[Cython] CEP1000: Native dispatch through callables

Nathaniel Smith njs at pobox.com
Thu Apr 19 11:07:20 CEST 2012


On Wed, Apr 18, 2012 at 10:58 PM, Dag Sverre Seljebotn
<d.s.seljebotn at astro.uio.no> wrote:
> On 04/18/2012 11:35 PM, Dag Sverre Seljebotn wrote:
>>
>> On 04/17/2012 02:24 PM, Dag Sverre Seljebotn wrote:
>>>
>>> On 04/13/2012 12:11 AM, Dag Sverre Seljebotn wrote:
>>>>
>>>> Travis Oliphant recently raised the issue on the NumPy list of what
>>>> mechanisms to use to box native functions produced by his Numba so
>>>> that SciPy functions can call it, e.g. (I'm making the numba part
>>>> up):
>>>>
>>>> @numba # Compiles function using LLVM def f(x): return 3 * x
>>>>
>>>> print scipy.integrate.quad(f, 1, 2) # do many callbacks natively!
>>>>
>>>> Obviously, we want something standard, so that Cython functions can
>>>> also be called in a fast way.
>>>
>>>
>>> OK, here's the benchmark code I've written:
>>>
>>> https://github.com/dagss/cep1000
>>>
>>> Assumptions etc.:
>>>
>>> - (Very) warm cache case is tested
>>>
>>> - I compile and link libmycallable.so, libmycaller.so and ./bench; with
>>> -fPIC, to emulate the Python environment
>>>
>>> - I use mostly pure C but use PyTypeObject in order to get the offsets
>>> to tp_flags etc right (I emulate the checking that would happen on a
>>> PyObject* according to CEP1000).
>>>
>>> - The test function is "double f(double x) { return x * x; }
>>>
>>> - The benchmark is run in a loop J=1000000 times (and time divided by
>>> J). This is repeated K=10000 times and the minimum walltime of the K run
>>> is used. This gave very stable readings on my system.
>>>
>>> Fixing loop iterations:
>>>
>>> In the initial results I just scanned the overload list until
>>> NULL-termination. It seemed to me that the code generated for this
>>> scanning was the most important factor.
>>>
>>> Therefore I fixed the number of overloads as a known compile-time macro
>>> N *in the caller*. This is somewhat optimistic; however I didn't want to
>>> play with figuring out loop unrolling etc. at the same time, and
>>> hardcoding the length of the overload list sort of took that part out of
>>> the equation.
>>>
>>>
>>> Table explanation:
>>>
>>> - N: Number of overloads in list.

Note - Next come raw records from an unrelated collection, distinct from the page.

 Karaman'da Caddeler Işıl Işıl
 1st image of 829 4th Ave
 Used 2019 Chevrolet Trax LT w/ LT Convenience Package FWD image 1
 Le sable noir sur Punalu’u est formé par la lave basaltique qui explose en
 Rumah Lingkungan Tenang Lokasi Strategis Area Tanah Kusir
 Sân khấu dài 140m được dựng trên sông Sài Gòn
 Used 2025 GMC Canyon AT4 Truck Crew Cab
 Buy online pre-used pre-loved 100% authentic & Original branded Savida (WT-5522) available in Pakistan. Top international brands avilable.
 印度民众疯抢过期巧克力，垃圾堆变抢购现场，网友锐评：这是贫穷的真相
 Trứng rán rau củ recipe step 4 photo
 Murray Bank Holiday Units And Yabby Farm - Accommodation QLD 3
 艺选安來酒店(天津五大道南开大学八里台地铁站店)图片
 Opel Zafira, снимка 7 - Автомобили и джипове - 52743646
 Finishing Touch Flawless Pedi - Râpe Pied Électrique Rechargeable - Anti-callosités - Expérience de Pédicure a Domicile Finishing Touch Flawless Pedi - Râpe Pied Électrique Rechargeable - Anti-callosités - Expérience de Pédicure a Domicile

For N=10, there's 9 non-matching
>>> overloads in the list before the matching 10 (but caller doesn't know
>>> this). For N=1, the caller knows this and optimize for a hit in the
>>> first entry.
>>>
>>> - MISMATCHES: If set, the caller tries 4 non-matching signatures before
>>> hitting the final one. If not set, only the correct signature is tried.
>>>
>>> - LIKELY: If set, a GCC likely() macro is used to expect that the
>>> signature matches.
>>>
>>>
>>> RESULTS:
>>>
>>> Direct call (and execution of!) the function in benchmark loop took
>>> 4.8 ns.
>>>
>>> An indirect dispatch through a function pointer of known type took 5.4 ns
>>>
>>> Notation below is (intern key), in ns
>>>
>>> N=1:
>>> MISMATCHES=False:
>>> LIKELY=True: 6.44 6.44
>>> LIKELY=False: 7.52 8.06
>>> MISMATCHES=True: 8.59 8.59
>>> N=10:
>>> MISMATCHES=False: 17.19 19.20
>>> MISMATCHES=True: 36.52 37.59
>>>
>>> To be clear, "intern" is an interned "char*" (comparison with a 64 bits
>>> global variable), while key is comparison of a size_t (comparison of a
>>> 64-bit immediate in the instruction stream).
>>
>>
>> First: My benchmarks today are a little inconsistent with earlier
>> results. I think I have converged now in terms of number of iterations
>> (higher than last time), but that doesn't explain why indirect dispatch
>> through function pointer is now *higher*:
>>
>> Direct took 4.83 ns
>> Dispatch took 5.91 ns
>>
>> Anyway, even if crude, hopefully this will tell us something. Order of
>> benchmark numbers are:
>>
>> intern key get_func_intern get_func_key
>>
>> where the get_func_XX versions retrieve a function pointer taking either
>> a single interned signature or a single key as argument (just see
>> mycallable.c).
>>
>> In the MISMATCHES case, the get_func_XX is called 4 times with a miss
>> and then with the match.
>>
>> N=1
>> - MISMATCHES=False:
>> --- LIKELY=True: 5.91 6.44 8.59 9.13
>> --- LIKELY=False: 7.52 7.52 9.13 9.13
>> - MISMATCHES=True: 11.28 11.28 22.56 22.56
>>
>> N=10
>> - MISMATCHES=False: 17.18 18.80 29.75 10.74(*)
>> - MISMATCHES=True: 36.06 38.13 105.00 36.52
>>
>> Benchmark comments:
>>
>> The one marked (*) is implemented as a switch statement with known keys
>> compile-time. I tried shifting around the case label values a bit but
>> the result persists; it could just be that the compiler does a very good
>> job of the switch as well.
>
>
> I should make this clearer: The issue is that the compiler may have
> reordered the labels so that the hit came close to first; in the intern case
> the code is written so that the hit is always after 9 mismatches.
>
> So I redid the (*) test using 10 cases with very different numeric values,
> and then tried each 10 as the matching case. Timings were stable for each
> choice of label (so this is not noise), with values:
>
> 13.4 11.8 11.8 12.3 10.7 11.2 12.3
>
> Guess this is the binary decision tree Mark talked about...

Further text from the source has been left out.